The CMP agents or slurries customarily used in these CMP processes contain dispersed, colloidal inorganic particles such as silica particles as abrasive materials.
For example, the US patent application U.S. 2006/0243702 A1 discloses a CMP slurry containing                colloidal silica as an abrasive material,        organic polymeric particles such as polymethyl methacrylate or polystyrene particles which may be integrated with the colloidal silica to form a complex particle,        an oxidizing agent such as hydrogen peroxide,        a water-soluble polymeric compound such as polyvinylpyrrolidone or polyvinyl alcohol,        a first complexing agent forming a water-insoluble complex with copper, having a wet etching rate of less than 3 nm/min and acting as a protective film forming agent, such as quinaldinic acid, quinolinic acid, benzotriazole BTA, benzoimidazole, 7-hydroxy-5-methyl-1,3,4-triazaindolizine, nicotinic acid and picolinic acid,        a second complexing agent forming a water-soluble complex with copper, having a wet etching rate of more than 3 nm/min and acting as a polishing-accelerating agent, such as amino acids, as for example, glycine, alanine or trypophane, or organic acids, such as formic acid, lactic acid, acetic acid, tartaric acid, fumaric acid, glycol acid, phthalic acid, maleic acid, oxalic acid, citric acid, malic acid, malonic acid or glutamic acid or their basic salts with ammonia, ethylene diamine or tetramethyl ammonium hydroxide TMAH, and        surfactants.        

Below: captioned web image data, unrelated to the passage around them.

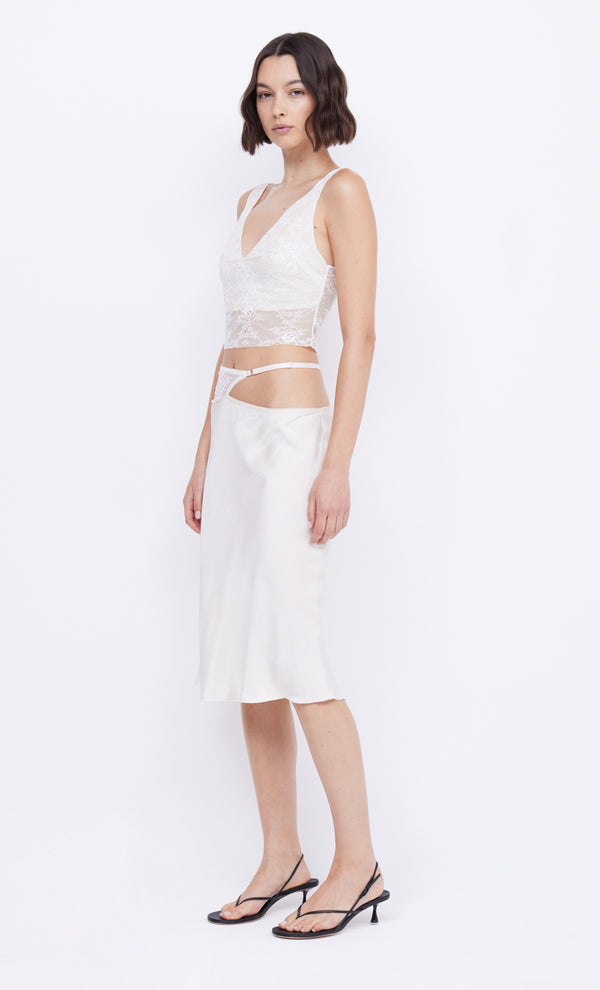 Santal Cutout Midi Lace Skirt in White Ivory by Bec + Bridge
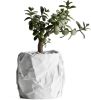 Кашпо Crumbled Paper Round Planter (White)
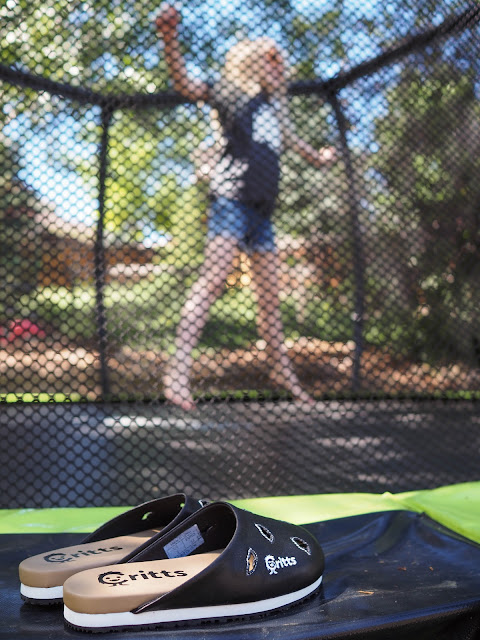 Critts slip on shoes and trampoline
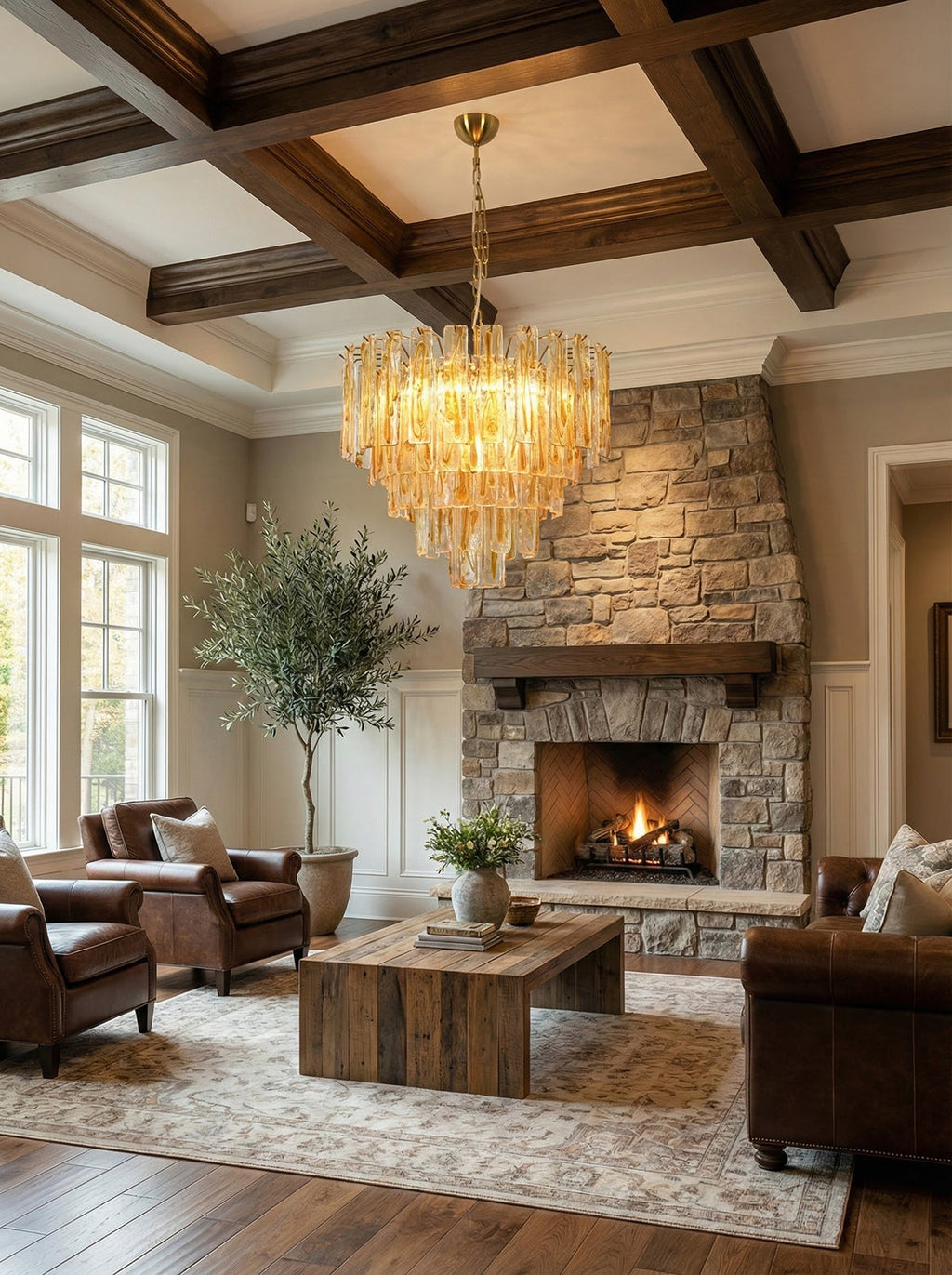 Honey Rectangular Glass Chandelier material and finish detail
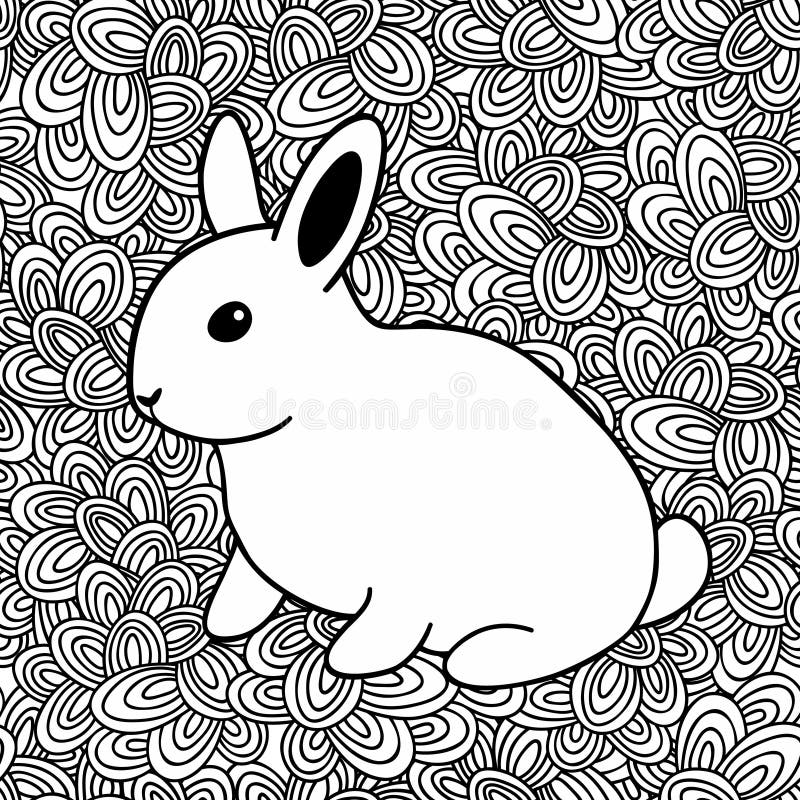 Abstract Ornamental Rabbit Black White Stock Illustrations 99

However, there are several disadvantages associated with the use of inorganic particles. Due to their high densities, they have a tendency to settle out of their aqueous dispersions. Consequently, the respective CMP agents or slurries can be unstable. Moreover, these CMP agents fail to adequately control dishing and erosion, corrosion, defects of the surface, polishing rate and selectivity among different materials on the surface. Quite often, the inorganic particles and their aggregates cause scratches in the polished surfaces. However, for obvious reasons, such scratches have to be avoided. Moreover, the various amounts of the first complexing agent and the second complexing agent have to be balanced very carefully: if the amount of the first complexing agent is chosen too high, the MRR is decreased to an undesirable extent (in extreme cases down to 0 nm/min); if the amount of the second complexing agent is chosen to high, the static etch rate SER is increased to an undesirable extent. Both effects leads to a disadvantageous decrease in planarization efficiency.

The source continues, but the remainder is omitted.